The services provided by the post are not exclusive to veterans. Members of the post also dedicate much of their time to helping their community. One such example is an all-you-can-eat pancake breakfast fundraiser that the post is sponsoring to help raise money to send high school juniors to Boys State and Girls State, a summer program that teaches high school students about leadership and government.

“It’s good for us to be able to do things like that,” Segura said.

Segura grew up in Donna, and can recall visiting the old hall in his youth, where he attended dances, long before he ever imagined becoming commander there.

“I really didn’t know what this was. I thought it was just a dance hall because most of the stuff was taken down for the dances,” Segura said. “They didn’t want their pictures and stuff to get damaged, so they were put away.”

After graduating from Donna High School, his family traveled to California where they picked potatoes. It was there that he received his draft notice. He went back to Texas and joined the Marine Corps, and he was then sent back to California for boot camp.

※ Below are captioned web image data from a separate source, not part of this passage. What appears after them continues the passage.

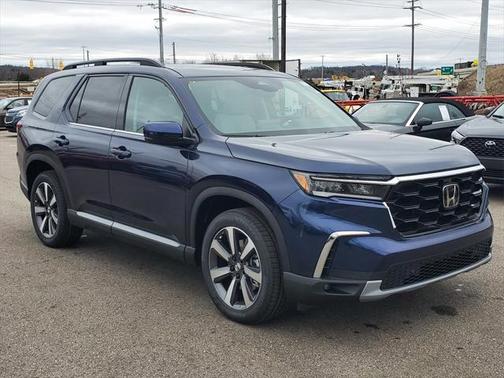 2025 Honda Pilot Touring 8-Passenger
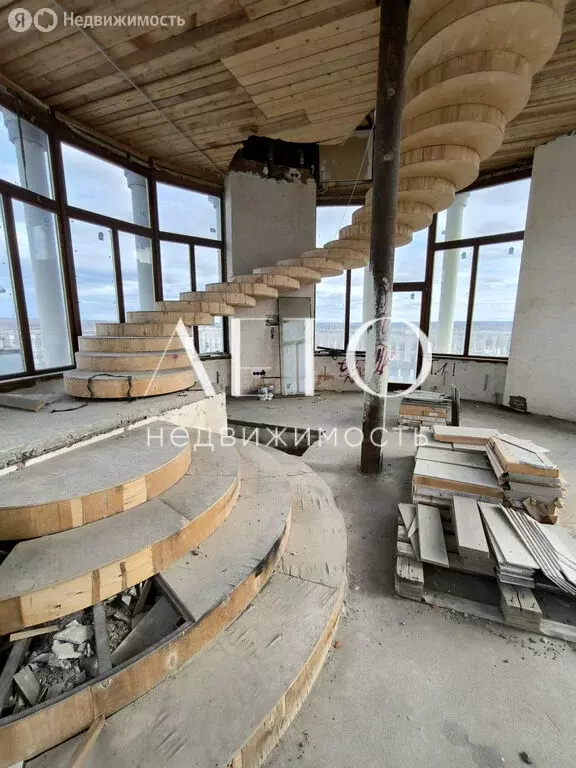 Квартира-студия: Горячий Ключ, улица Ленина, 195Г (198.7 м) - Фото 1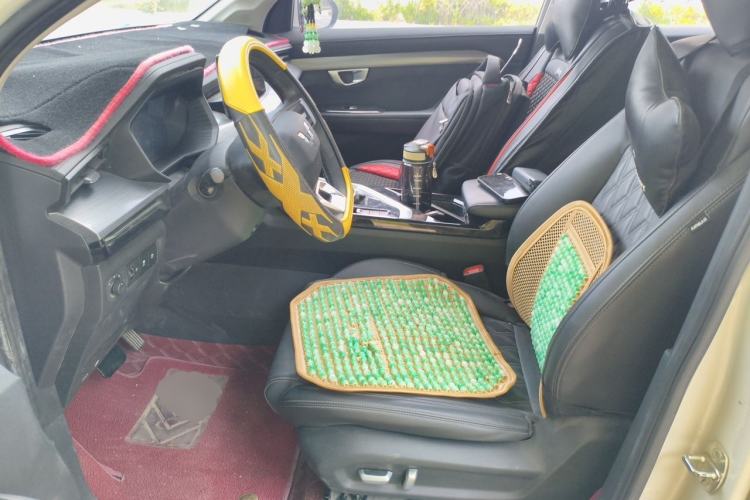 Used Wuling Asta 2022 2.0L DHT Electric-Speed Version Left Front Seat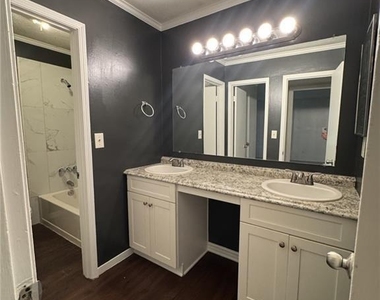201 Augusta Drive Se - Photo Thumbnail 5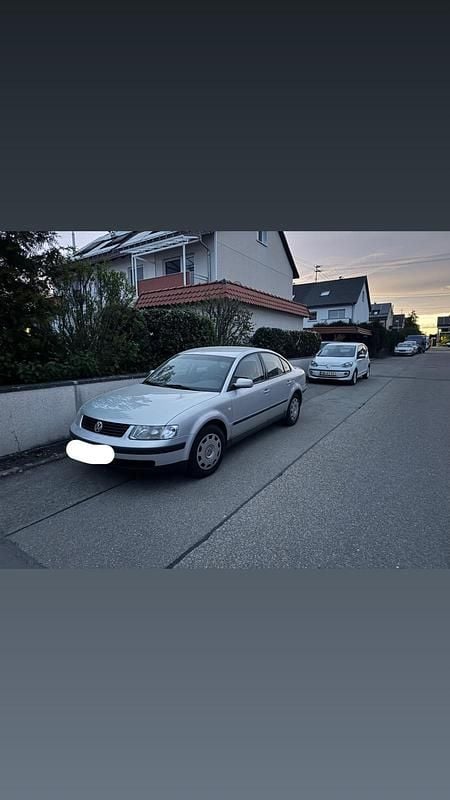 Second-hand VW Passat 101 CP (74 kW) 1999 Berlinǎ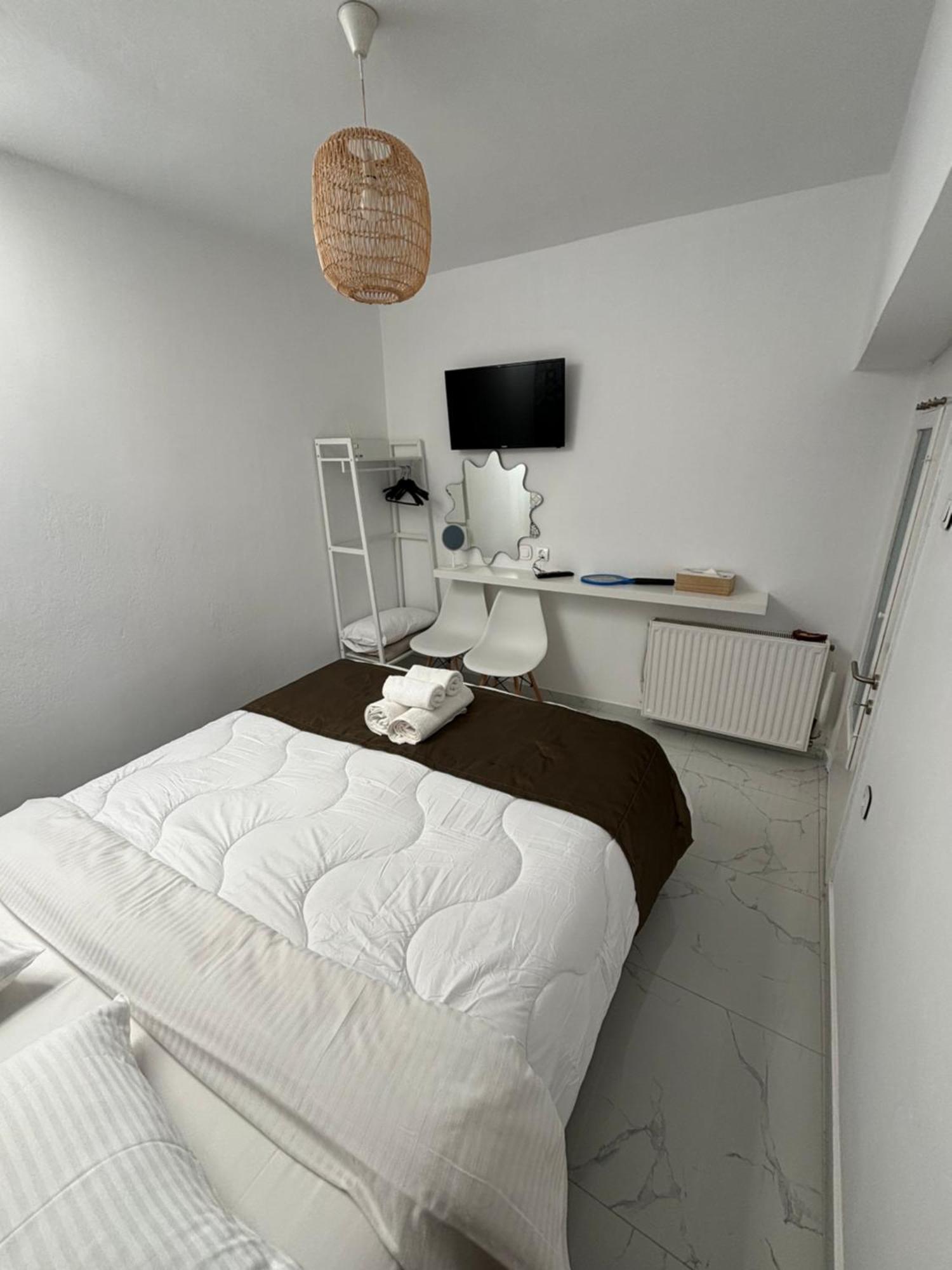 Candi Central Apartments Неос Мармарас Екстериор снимка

“My MOS, or job description, should’ve been tanks. I was supposed to be a tanker. But when I got to Viet-nam, the tank divisions were saturated with people,” Segura said. “They just pointed me to a staff sergeant standing off to the side and said, ‘You report to him.’ He gave me an M14 with a scope, and he told me, ‘You will be learning how to be a spotter for me.’ He was a sniper. I became the spotter for him. I did that for three months. He rotated, came back to the states, and I automatically became the sniper.”

Segura served as a Marine Corps sniper for three tours of Vietnam, a total of 39 months. During the course of his stint in Vietnam, Segura was awarded three Purple Hearts in addition to a Bronze Star.

“I was wounded in combat three times, and I got my Bronze Star with a ‘V’ for valor,” Segura said. “It was for an act that I performed where I helped pull guys out of a burning bunker.”

Segura served eight-and-a-half years with the Marine Corps. He said he intended to make it a career, but “the good Lord and common sense” dissuaded him from pursuing that path.

After leaving the Marine Corps, Segura went back to California. He moved to a town called Sanger, located in Fresno County. In 1981, he moved to Santa Maria, California and started his own oilfield remediation company. During his time in California, he helped establish the Vietnam Veterans Association.

It was nearly 50 years before he returned to his home town in 2008. He’s since been a member of the post, which is composed of 87 members.

“I am very proud to be the commander of this post, mainly because of the membership that we have,” Segura said. “They’re all outstanding citizens of this city. We have very good, professional people who are members of this organization, and I am proud to represent them anywhere and at anytime. I try to promote our building because this place is a jewel.”